ACTIVITY
Restate word for word the lines from the one bearing "To control the" through the end of the entries below, and leave every picture out.

INFORMATION SUPPLIED
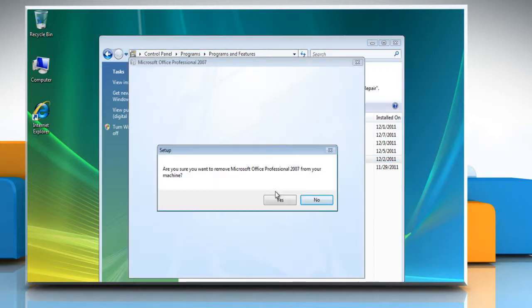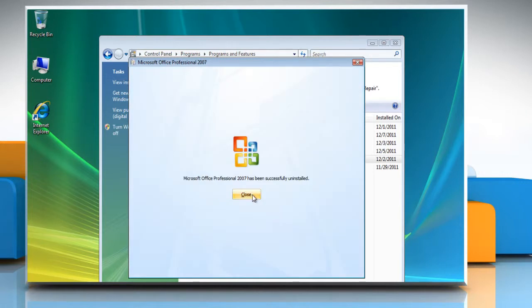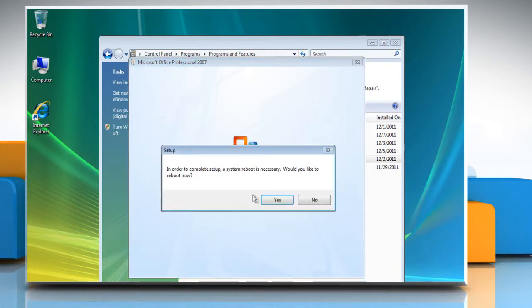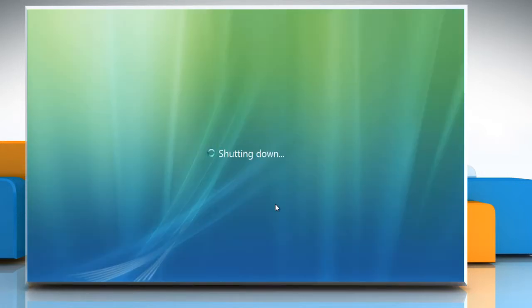Click on Yes in the confirmation dialog box. Wait for the completion of the uninstallation process. Click Close and then click on Yes to restart your computer.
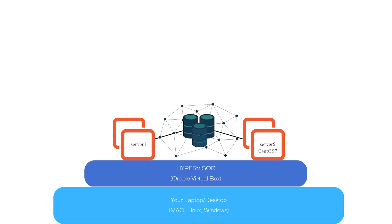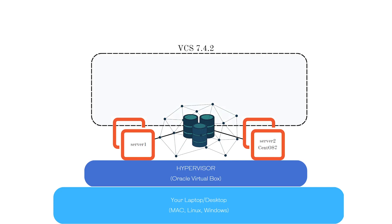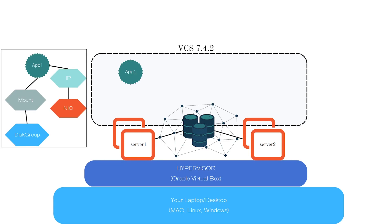We will set up the networking and shared storage in VirtualBox environment. Once everything is in place, we will move forward to install Veritas Cluster Server 7.4.2. VCS will help us to set up a two-node cluster.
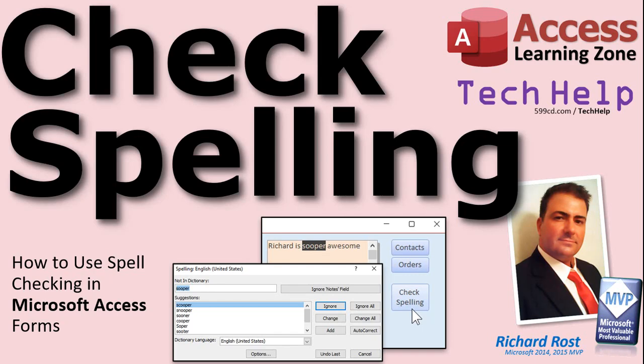Welcome to another Tech Help video brought to you by AccessLearningZone.com. I am your instructor, Richard Rost. In today's video,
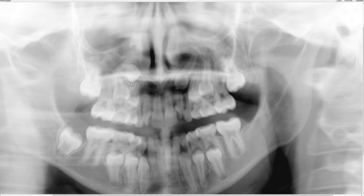The root of the premolar was mesially dilacerated, which makes me wonder — and I think what happened is — that as this canine tried to erupt, its eruption pathway was blocked by the roots of the first premolar. In the process, the canine may have caused the dilaceration of the premolar. This canine should have been located anterior to the premolar, just like the other side, but somehow it failed to position itself correctly, and in doing so it may have caused the dilaceration of the premolar.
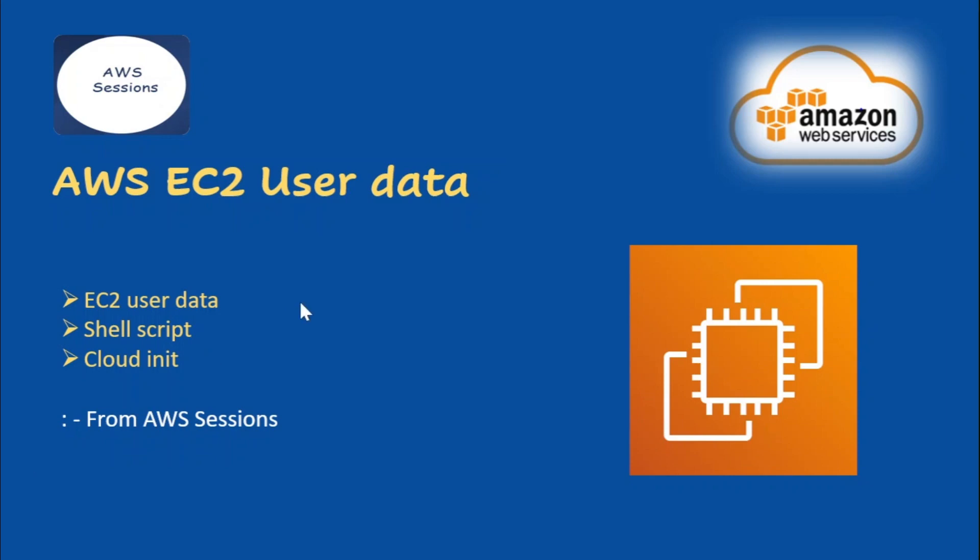Hi everyone, welcome to this video. In this video we will be covering EC2 user data, so we'll be seeing what user data is, what is its purpose, how we can configure the user data, and there are different types of input that we can give to user data.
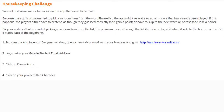Today we're going to finish Activity 2.3, Playing with Lists, by completing some housekeeping challenges. There are some minor behaviors in the app that still need to be fixed. Because the app is programmed to pick a random item from the word phrase list, it might repeat a word or phrase that has already been played.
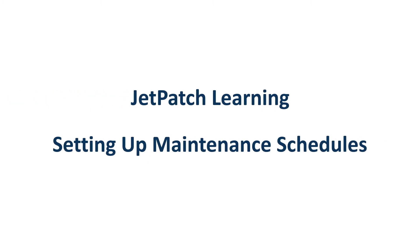Hello everyone, today we'll be learning about maintenance schedules. During the course of the video there will be pause breaks. It is highly recommended to pause and try out the feature yourself during these breaks.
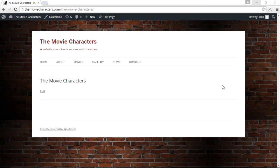Hello and welcome to the very first episode of plugin reviews on my YouTube channel Webmonkey. My name is Alex and today I'm going to talk about my favorite plugin for creating tables in WordPress.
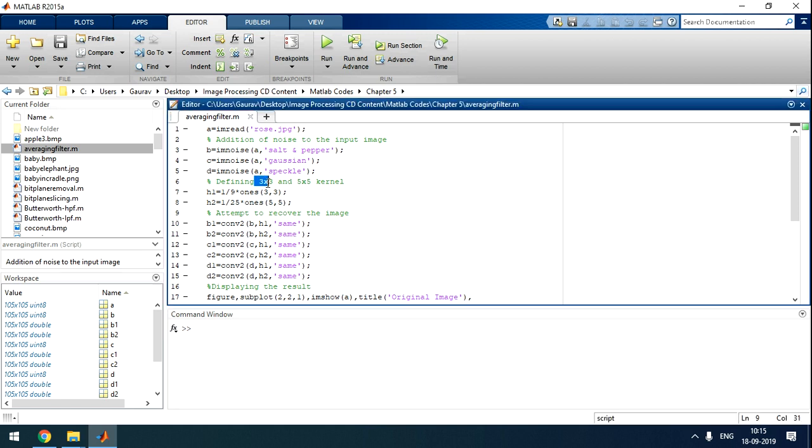If it's a 3x3 kernel, the main pixel will come at center and its result will be the average of all the surrounding 8 pixels. So 8 plus main pixel, 9 pixels average. The 5x5 kernel, it will have an average of 5x5 pixels.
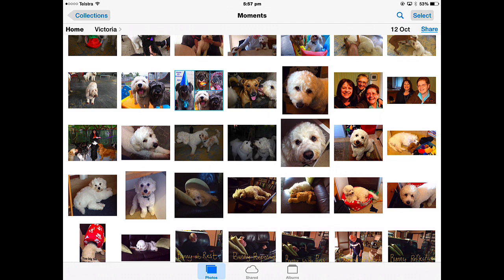In this lesson we looked at how you shared photos and created slideshows, created a photo stream and how to delete photos.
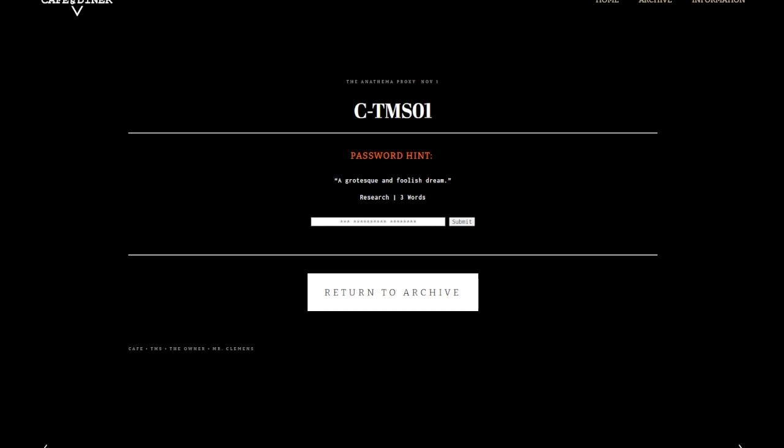Hello everybody, we are back once again for another Cafe and Data Archives receipt chain. This time TMS, which stands for The Mysterious Stranger from a Mark Twain book. The password hint is 'a grotesque and foolish dream.' This is a research password, three words: TMS The Mysterious Stranger.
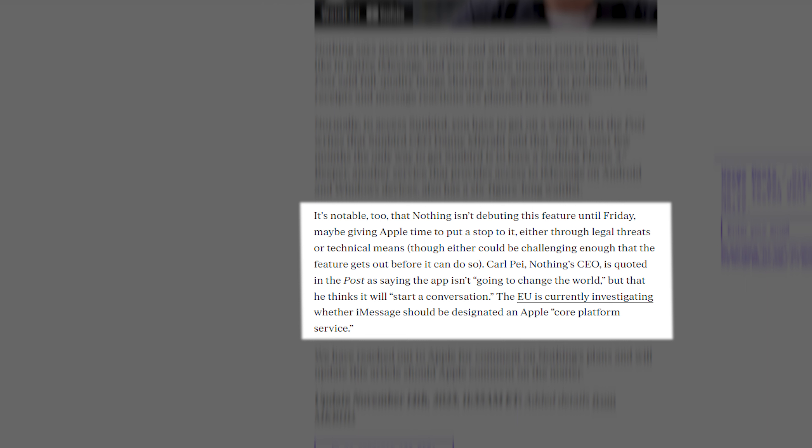Carl Pei, Nothing's CEO, is quoted in The Post as saying the app isn't going to change the world, but that he thinks it will start a conversation. The EU is currently investigating whether iMessage should be designated an Apple core platform service.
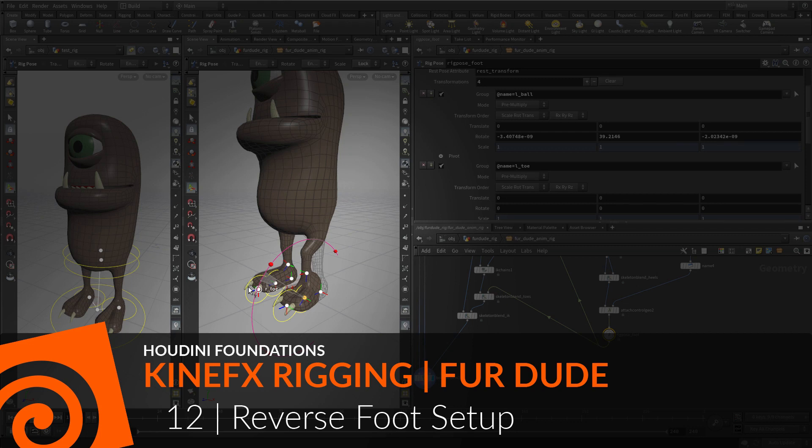To control the feet, you will create a classic reverse foot setup where the heel becomes the root, with the toe, ball, and ankle parented to that. This can be easily accomplished in Kinefex, and the results blended back into the original skeleton.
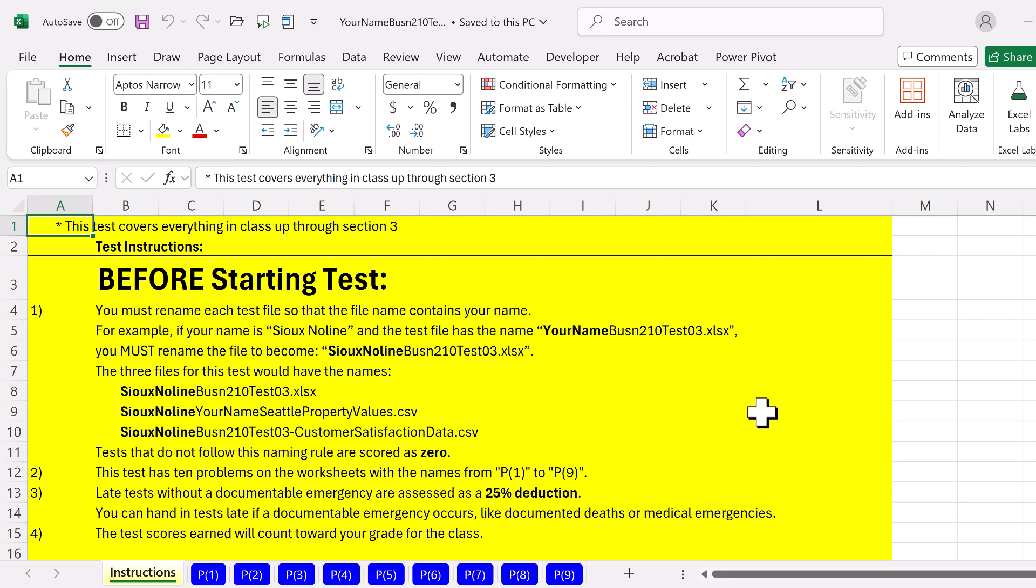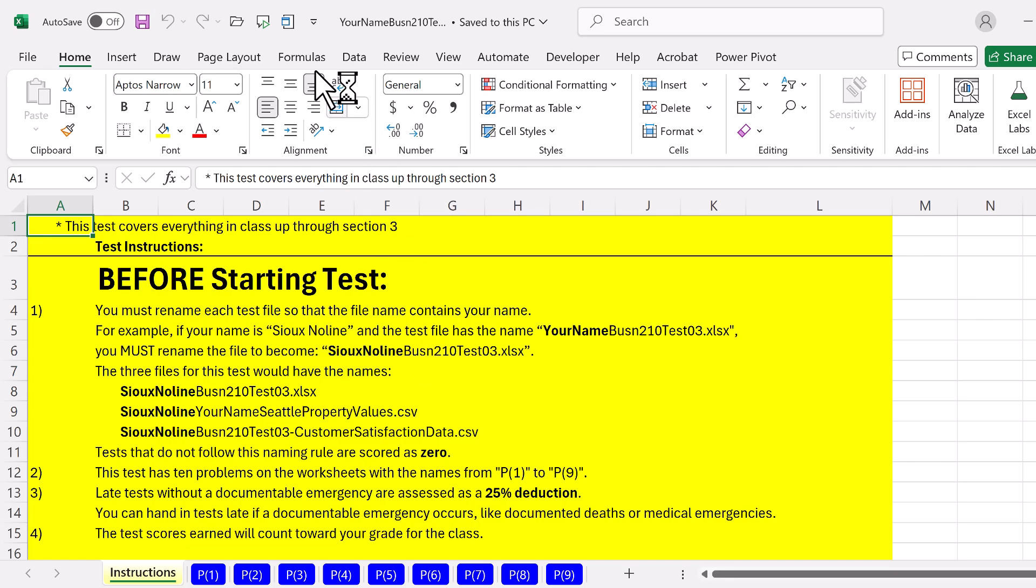Business 210 statistics team. I'm about to send out a test. Here on the instruction sheet, it says before starting the test, you need to rename all your files. So close this file.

RESULT OF THIS TASK
To control the feet, you will create a classic reverse foot setup where the heel becomes the root, with the toe, ball, and ankle parented to that. This can be easily accomplished in Kinefex, and the results blended back into the original skeleton.
Business 210 statistics team. I'm about to send out a test. Here on the instruction sheet, it says before starting the test, you need to rename all your files. So close this file.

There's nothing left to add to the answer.